Der erste Hamburger Workshop von Wolters Kluwers geplanter Allzweckwaffe gegen den Schrecken „Leitz-Ordner“, genannt privates Baurecht, fand am 20. Juni 2018 in dem Hamburger Büro von BÖRGERS Rechtsanwälte statt.

Wolters Kluwer steckt mitten in der Entwicklung einer Softwarelösung für Baurechtsanwälte. Zu diesem Zweck finden laufend Interviews und Workshops mit Baurechtlern statt.
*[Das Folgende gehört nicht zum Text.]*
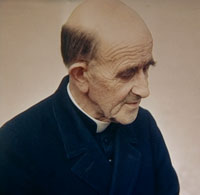 L'abbé Berto L'abbé Berto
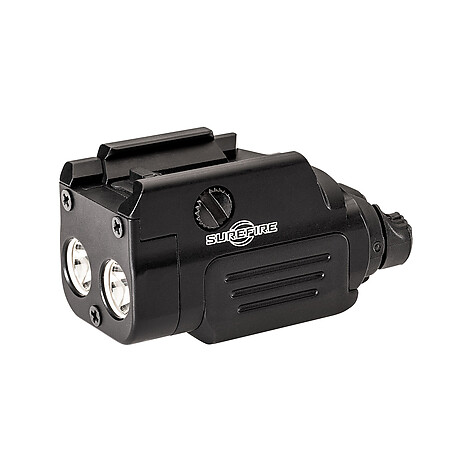 Surefire XR1 Compact 800 lumens Vapenlampa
Bei den Meetings geht es darum, die typischen Probleme des baurechtlichen Mandats aufzudecken und gemeinsam mögliche Lösungsansätze zu erarbeiten. Die Idee ist es, eine Anwendung nicht allein für, sondern zusammen mit Baurechtsanwälten zu entwickeln. Es geht dabei aber nicht um die Schaffung einer alternativen Kanzleisoftware. Auch ist es nicht beabsichtigt, die Arbeit des Rechtsanwalts zu ersetzen. In der Sache geht es vielmehr darum, die konkrete Fallarbeit des Baurechtsanwalts sehr viel effizienter zu gestalten.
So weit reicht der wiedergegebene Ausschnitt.